The role of IFN during COVID-19 is complex and extensively reviewed by others (Wong and Perlman, 2022; Zanoni, 2021; Zhang et al., 2022). Although pDCs are important producers of IFN, they also fulfill other immunological functions, such as the activation of cytotoxic T cells and anti-inflammatory regulatory T cells (Swiecki and Colonna, 2015). Unfortunately, these functions have not yet been studied in the context of COVID-19. Current literature indicates that on infection with SARS-CoV-2, pDCs migrate from peripheral blood into the respiratory tract and contribute to the suppression of SARS-CoV-2 replication via their IFN production. However, it is unclear whether and how pDCs could contribute to the sustained detrimental IFN production that accompanies severe disease. We know that pDC numbers decline drastically in severe disease, and the pDCs that remain seem to be impaired when it comes to IFN production (see Table 1).

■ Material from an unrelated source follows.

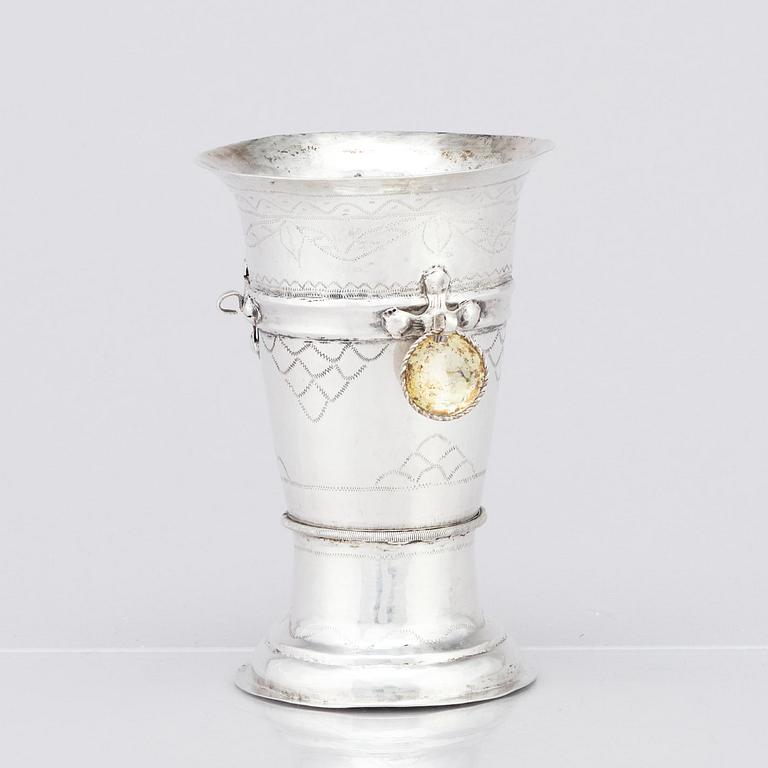 An 18th century silver beaker, unidentified makers mark.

Interestingly, the remaining pDCs appear to be more prone to produce other inflammatory cytokines, such as TNF-α and IL-6, and it is possible that such effect could contribute to a limited extent to COVID-19 severity via non-IFN pro-inflammatory cytokines (see Table 1).
Concluding remarks
Despite pDCs having pro-inflammatory properties, there is limited evidence that pDCs drive pathogenicity during COVID-19. Instead, pDCs appear to play a beneficial role, likely through their ability to produce high amounts of type I IFNs that restrict SARS-CoV-2 spread during the acute phase of infection. Future studies should determine whether the low frequency of pDCs in the respiratory tract, as observed in some cases of severe COVID-19, contributes to COVID-19 pathogenicity.
Acknowledgments
We apologize to the individuals whose work was not cited in this article. We thank Prof. Martin Tolstrup (Aarhus University, Denmark) for critical reading of the manuscript. This project has received funding from the Danish Independent Research Fund (4183-00275B) and the Lundbeck Foundation (R238-2016-2708).
Declaration of interests
M.R.J. is a founder and shareholder of UNIKUM Therapeutics. The remaining authors declare no competing interests.